Komnas HAM Bisa Dilaporkan ke Pengadilan Kriminal Dunia ICC

eramuslim.com

by M. Rizal Fadillah

Kekecewaan banyak pihak atas hasil kerja Komisi Nasional Hak Asasi Manusia (Komnas HAM) memang wajar dan dapat dimengerti. Terlalu banyak pertanyaan yang masih menggantung jawabannya dari hasil penyelidikan yang telah dirilis Komnas HAM pada tanggal 8 Januari lalu. Banyak masalah yang belum dijelaskan oleh Komnas HAM.

Misalnya, soal tembak-menembak, kepemilikan senjata api rakitan, alas hukum pengintaian dan pembuntutan, dan penyiksaan. Siapa komandan di dalam mobil Landcruiser? Berapa nomor polisi mobil Landcruiser? Hingga kendaraan pembuntut berisi petugas yang misterius itu. Pembunuhan yang dikategorikan pelanggaran HAM pun tak terjelaskan tempat kejadiannya. Siapa pelaku penembakan?

Adalah wartawan dan reporter senior FNN.co.id, Eddy Mulyadi yang membeberkan banyak kejanggalan dari rilis Komnas HAM tersebut.
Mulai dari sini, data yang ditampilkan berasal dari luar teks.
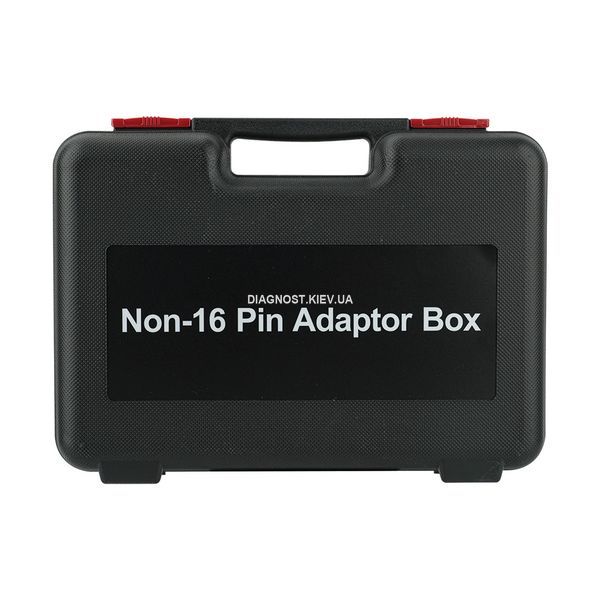 LAUNCH Non-16 Pin Adaptor Box - комплект оригинальных переходников Launch в кейсе (14 шт.) 083 фото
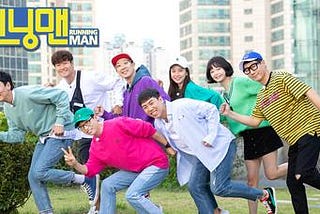 running man entry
Berlembar-lembar analisis kajian disiarkan kepada para pemirsa. Analisis yang tajam, akurat, namun santai, khas jurnalis senior yang dikenal berani ini. Tentu menohok kepada personal Tim penyelidik Komnas HAM yang dipimpin Choirul Anam.
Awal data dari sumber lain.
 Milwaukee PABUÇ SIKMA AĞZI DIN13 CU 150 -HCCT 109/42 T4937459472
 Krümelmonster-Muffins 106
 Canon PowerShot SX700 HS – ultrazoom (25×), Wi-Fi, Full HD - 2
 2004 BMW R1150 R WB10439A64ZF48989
Menyayangkan hasil kerja penyelidikan Tim Komnas HAM yang terkesan sangat mendalam dan mantap. Namun minim sekali hasil yang dapat disampaikan kepada publik. Meskipun menyadari kemungkinan adanya tekanan yang menyebabkan Komnas HAM menjadi kelu dan ragu-ragu.
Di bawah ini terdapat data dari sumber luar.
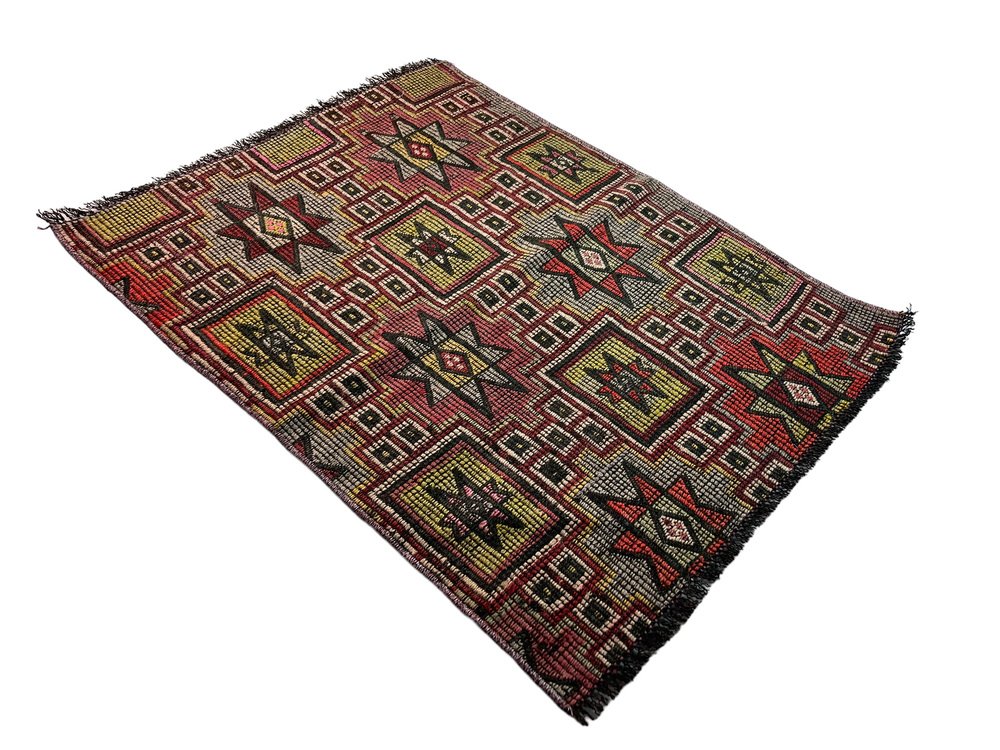 Turkish Kilim Rug, 1970s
Bahwa adanya rekomendasi tindak lanjut proses peradilan tentu disambut baik. Walaupun ikut juga disesalkan kesimpulannya yang tidak sampai pada terjadinya pelanggaran HAM berat. Kondisi jenazah yang menyedihkan, karena lebam-lebam, bengkak, cacat di kamaluan, kuku kaki yang lepas semua. Itu  membawa keyakinan bahwa yang terjadi adalah pelanggaran HAM berat.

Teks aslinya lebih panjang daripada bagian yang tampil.